When these gatherings start to consolidate and experiment with different ways to work, play, or learn, they will start to create a culture, a participatory culture.

Maybe others know it as prosumers, or collaborative, but the participatory culture, as a concept, is a cultural environment where the participants in the discourse are not only consumers, but also contributors and producers.
Henry Jenkins, an American media professor, is the one who popularised the term at the beginning of the 2000s, and he defined participatory culture as one that:

  • has relatively low barriers to artistic expression and civic engagement;

  • has strong support for creating and sharing personal creations;

  • has an informal mentorship whereby what is known by the most experienced is passed along to novices.
    Also, in a participatory culture, members feel some degree of social connection and believe their contribution matters.

To put it in simpler terms, a community built with a participatory culture (intentionally or not) is easy to access and express, is inclusive and supportive, and has some kind of system where the rules are explained.

Examples of participatory culture communities

How participatory culture manifests is not always constrained by its medium, class hierarchies, or geographical barriers.

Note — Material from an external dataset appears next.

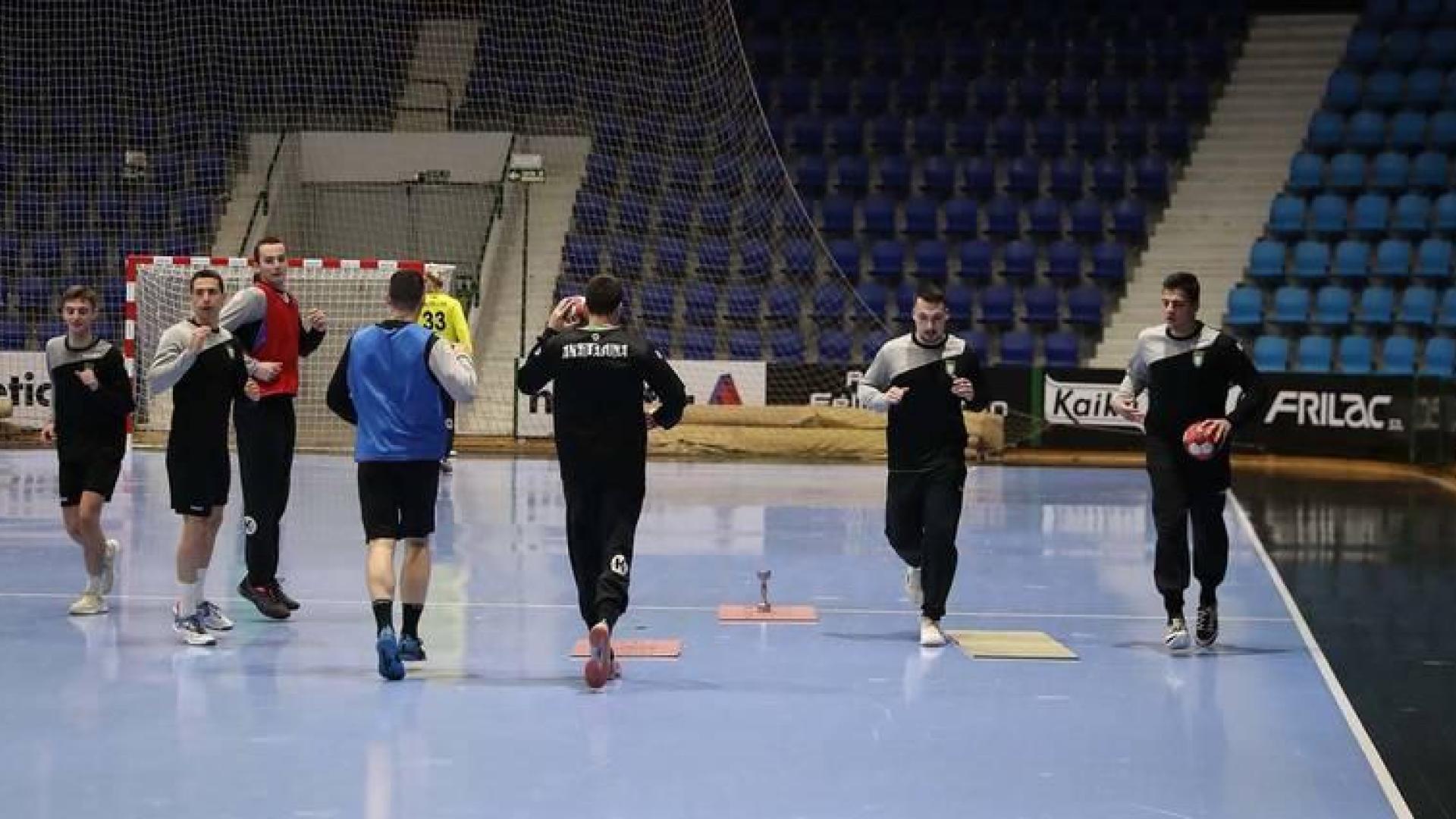Helvetia Anaitasuna vuelve a entrenar con toda la plantilla disponible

It can happen in real-life settings like the work gatherings in 19th century Transylvania, or the early Star Trek zine collectives. It can be in faith-based communities and volunteer groups.

In online setups, the culture can look like the solarpunk communities that gather in digital spaces to share DIY methods to become more resilient and independent. It can also look like the cyberdeck communities where women build DIY computers as a counter-manifestation of the mainstream BigTech male technological culture.

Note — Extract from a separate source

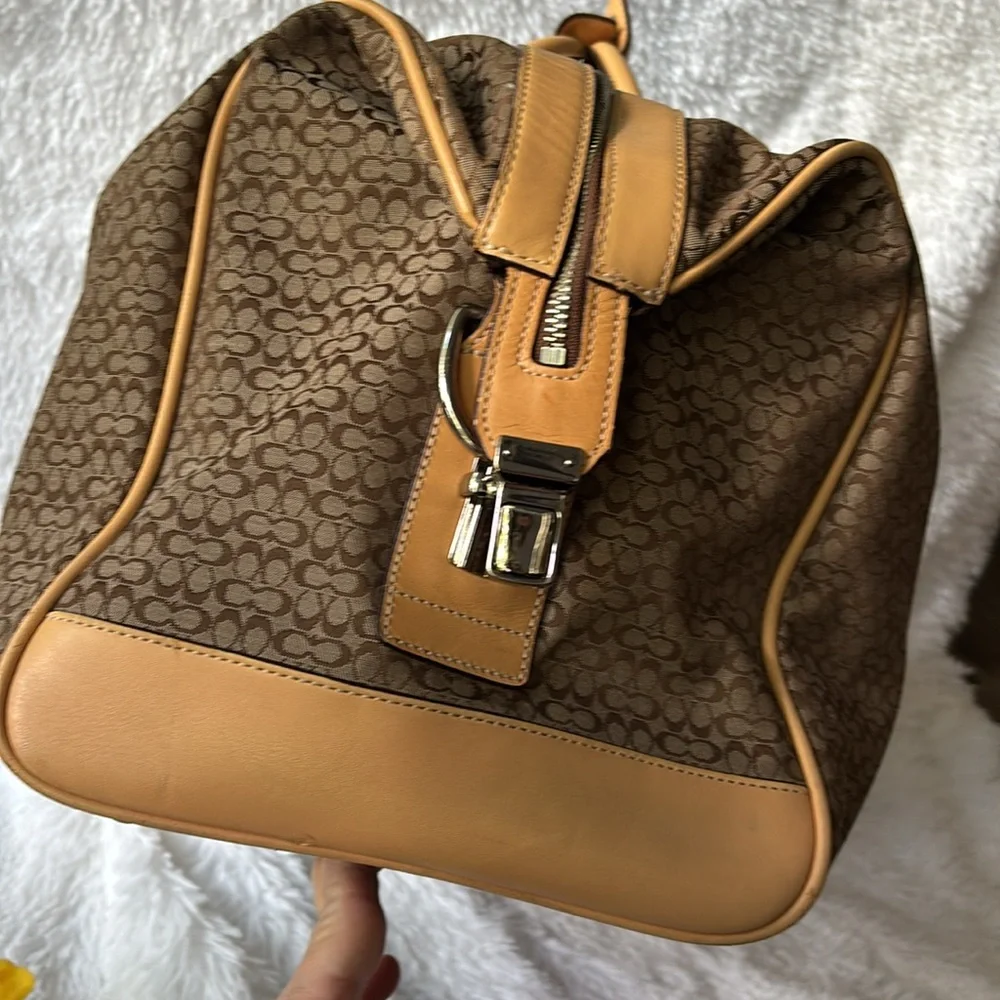 Coach Vintage Signature C Canvas & Vachetta Leather Travel Bag - Picture 8 of 16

The nostalgia over blogs, forums, and the early internet, which you find on mainstream platforms (check Threads to see the performative posts), is in fact nostalgia for a culture of participation that worked.

Look at Twitter: it was the place where academics would post threads full of information and engage in discussions. It was also the digital place where you could follow, in real-life, a conference, a sporting event, and where most of the breaking news was happening. Twitter was the place where you could ask a question with a hashtag, and strangers would answer. Now, after the Musk acquisition, Twitter has changed: it’s called X, the algorithm pushes a lot of brain rot, polarising content, and AI slop. But the most important thing is that the people who participated in the discourse have changed.
Minorities, marginalised communities, and left-leaning (left in the European context and acceptance) people have stopped engaging in the platform.

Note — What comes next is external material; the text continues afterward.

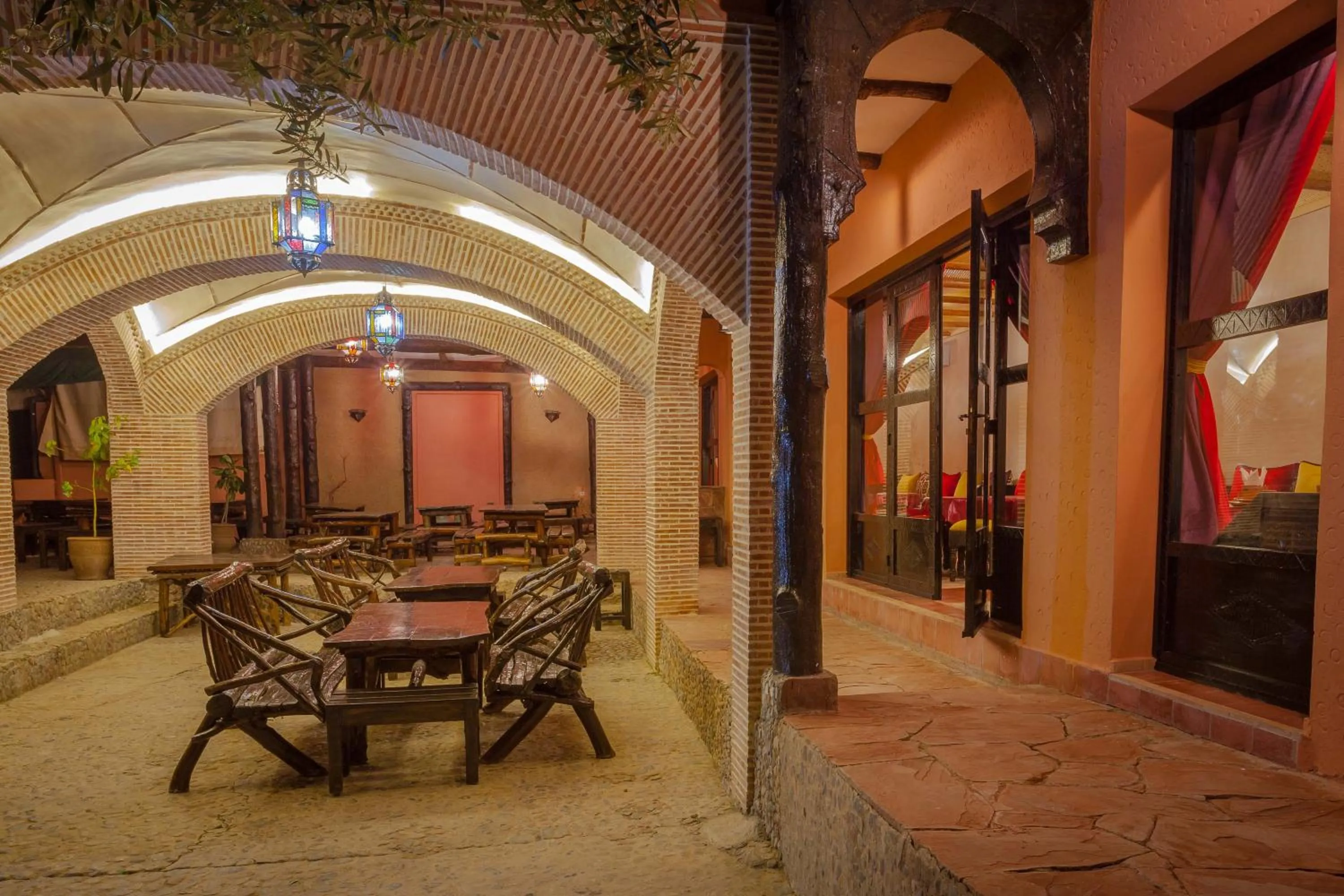 Restaurant/places to eat in Dar Ikalimo Ourika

The users of Tumblr are one of the most resilient groups to change. They kept the vibe of the culture despite repeated acquisitions (from Yahoo, Verizon, and now Automattic), adult content ban, and an array of features launched by the company, which ended up being discontinued fairly quickly.
One interesting element of Tumblr culture is the commentary tags. These are tags used to convey a message, be it cultural, political, or societal, in relation to the content artefact they are connected to. A Tumblr tag can have spaces and special characters and can be up to 140 characters long, so most of the time these tags have a life of their own.

The other BigTech platforms, Facebook, Instagram, LinkedIn, TikTok, have seen their own version of these changes.

Another example of participatory culture is the fandom. Think the Beatles fans, the science fiction fans, anime and manga fandom, the Swifties, and others. Most of us are part of a fandom, even if we’re not active is a defined community space.

When the members work together, they can save TV Series, like The Expanse, or the effort to map a possible feature list at the invitation of the creator of Pinboard, the bookmarking website. After a 2011 tweet asking about a list of features to implement, the fandom created a collaborative document of over 50 pages. In it, you can see how every idea was discussed, voted, edited and organised by people who didn’t know each other in real life, but had a connection with the fandom and its needs.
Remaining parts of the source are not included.